NEW YORK (GenomeWeb News) – The National Institutes of Health will spend up to $19.2 million in the coming two fiscal years on two programs for the Genes, Environment, and Health Initiative that aim to help move information from genome-wide association studies into the world of clinical medicine.
One program, called “Implementation Planning Grants for Educational, Behavioral, or Social Studies for Translation of Genetic Factors in Common Diseases,” will support research on initiatives studying how healthcare providers and consumers interpret information from genetic studies, as well as the behavioral or psychosocial aspects of clinical application of genetic findings.
Funded through the National Institutes of Diabetes and Digestive and Kidney Diseases, this program will spend up $4.8 million in fiscal 2009 and the same amount in fiscal 2010 to fund between four and eight awards with up to $250,000 in direct costs per year, plus facilities and administrative costs.
NIDDK plans to fund studies on patient or provider education about genetic findings or clinical outcomes of genetic testing; research on patient or provider perceptions of risk factors that may have specific interactions with gene variants; and assessments of responses to the way personal genetic information is used in clinical care and in disease prevention.
The goal is to evaluate how individuals, families, and communities react and respond to newly disseminated data about genetic variants linked to common diseases. NIDDK also wants to support the planning, evaluation, and assessments of both education and communication programs about information from genome-wide association studies.
The projects could include research for developing and evaluating analytical methods to assess responses to clinical applications of genome-wide association data, planning and creating educational tools for healthcare professionals, and developing communication strategies for educating health care workers and patients.
Letters of intent for this program are due October 24.
Another RFA, called “Translation of Common Disease Genetics into Clinical Applications,” also will offer up to $4.8 million per year over two years to fund between four and eight awards.

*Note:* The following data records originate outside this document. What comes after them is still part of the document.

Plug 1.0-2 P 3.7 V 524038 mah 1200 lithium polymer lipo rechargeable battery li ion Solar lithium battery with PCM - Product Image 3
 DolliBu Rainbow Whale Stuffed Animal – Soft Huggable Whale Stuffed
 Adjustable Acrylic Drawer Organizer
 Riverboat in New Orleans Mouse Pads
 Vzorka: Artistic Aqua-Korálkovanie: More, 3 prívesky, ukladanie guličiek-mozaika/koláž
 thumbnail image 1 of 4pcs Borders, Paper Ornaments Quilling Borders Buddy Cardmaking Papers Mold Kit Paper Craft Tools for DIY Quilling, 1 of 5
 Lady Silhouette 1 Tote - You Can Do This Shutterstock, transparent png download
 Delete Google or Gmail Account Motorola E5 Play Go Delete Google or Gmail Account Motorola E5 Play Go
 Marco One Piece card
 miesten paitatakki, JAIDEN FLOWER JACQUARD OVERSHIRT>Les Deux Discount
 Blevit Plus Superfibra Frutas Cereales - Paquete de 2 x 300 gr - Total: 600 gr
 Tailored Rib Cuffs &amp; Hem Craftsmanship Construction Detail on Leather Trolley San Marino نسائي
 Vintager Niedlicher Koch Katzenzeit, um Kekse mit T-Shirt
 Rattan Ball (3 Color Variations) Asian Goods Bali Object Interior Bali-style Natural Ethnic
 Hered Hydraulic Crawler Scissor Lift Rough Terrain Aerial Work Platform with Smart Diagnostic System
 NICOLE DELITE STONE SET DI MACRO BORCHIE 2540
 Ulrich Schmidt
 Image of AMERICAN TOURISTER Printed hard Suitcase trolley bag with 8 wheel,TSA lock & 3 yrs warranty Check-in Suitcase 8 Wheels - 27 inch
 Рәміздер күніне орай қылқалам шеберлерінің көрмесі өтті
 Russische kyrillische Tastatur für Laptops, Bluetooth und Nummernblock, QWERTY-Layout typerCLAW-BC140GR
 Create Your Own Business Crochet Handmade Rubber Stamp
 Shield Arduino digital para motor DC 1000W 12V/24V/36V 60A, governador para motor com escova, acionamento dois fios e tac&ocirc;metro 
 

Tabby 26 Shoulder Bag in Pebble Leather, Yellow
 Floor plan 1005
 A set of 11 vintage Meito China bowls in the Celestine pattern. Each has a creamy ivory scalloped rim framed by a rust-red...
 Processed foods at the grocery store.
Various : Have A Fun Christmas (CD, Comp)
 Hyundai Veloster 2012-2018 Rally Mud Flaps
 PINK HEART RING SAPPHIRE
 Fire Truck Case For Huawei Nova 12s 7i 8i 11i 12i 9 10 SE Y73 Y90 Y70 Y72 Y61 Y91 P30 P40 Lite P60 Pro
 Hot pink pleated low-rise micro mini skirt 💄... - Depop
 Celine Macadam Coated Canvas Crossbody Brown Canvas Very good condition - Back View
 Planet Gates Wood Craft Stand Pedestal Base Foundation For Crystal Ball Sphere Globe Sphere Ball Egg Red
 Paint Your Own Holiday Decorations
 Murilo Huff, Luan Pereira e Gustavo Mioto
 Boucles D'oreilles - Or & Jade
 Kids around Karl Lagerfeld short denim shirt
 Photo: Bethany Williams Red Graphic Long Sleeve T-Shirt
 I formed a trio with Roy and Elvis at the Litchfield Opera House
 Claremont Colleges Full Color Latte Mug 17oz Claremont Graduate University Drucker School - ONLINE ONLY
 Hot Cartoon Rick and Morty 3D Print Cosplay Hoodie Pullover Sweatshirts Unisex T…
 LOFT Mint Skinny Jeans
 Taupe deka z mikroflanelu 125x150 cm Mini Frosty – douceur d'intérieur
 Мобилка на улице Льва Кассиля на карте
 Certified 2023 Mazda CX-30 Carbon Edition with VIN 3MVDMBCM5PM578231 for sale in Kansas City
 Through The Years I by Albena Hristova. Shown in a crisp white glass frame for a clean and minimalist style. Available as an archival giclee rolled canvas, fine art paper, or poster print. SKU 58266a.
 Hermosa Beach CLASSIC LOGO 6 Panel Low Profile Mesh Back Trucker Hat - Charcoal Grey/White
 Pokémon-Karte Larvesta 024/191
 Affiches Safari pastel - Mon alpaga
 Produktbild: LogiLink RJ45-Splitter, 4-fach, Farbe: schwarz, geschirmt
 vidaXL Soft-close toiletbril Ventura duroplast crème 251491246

These studies should focus on prevention, therapeutic interventions, and development of diagnostic, predictive, clinical trial, and epidemiologic tools based on findings from genetic studies of common diseases.
These programs could include clinical studies using information from genome-wide or genetic studies in common diseases, diagnostics development or assessment, the cost-effectiveness of clinical applications of genetic information, and others. NIH prefers that these programs stick to using genes or variants identified through GWA studies, although any relevant allele may be proposed. Studies that address conditions that affect minorities disproportionately are also encouraged by NIH.
According to the RFA, it will “support very limited genotyping and collection of relevant phenotypic data, provided that these form a small part of an integrated translation project.”
Researchers applying for the funds could aim to develop diagnostic tools or algorithms; protocols or pilot data for future studies; training materials for future clinical studies using genetic variants; pilot clinical studies to translate genetic studies into clinical practice; studies to assess the value added by genetic findings in interventions compared to more traditional risk factors, and other related studies.
Letters of intent for this request also are due by October 24.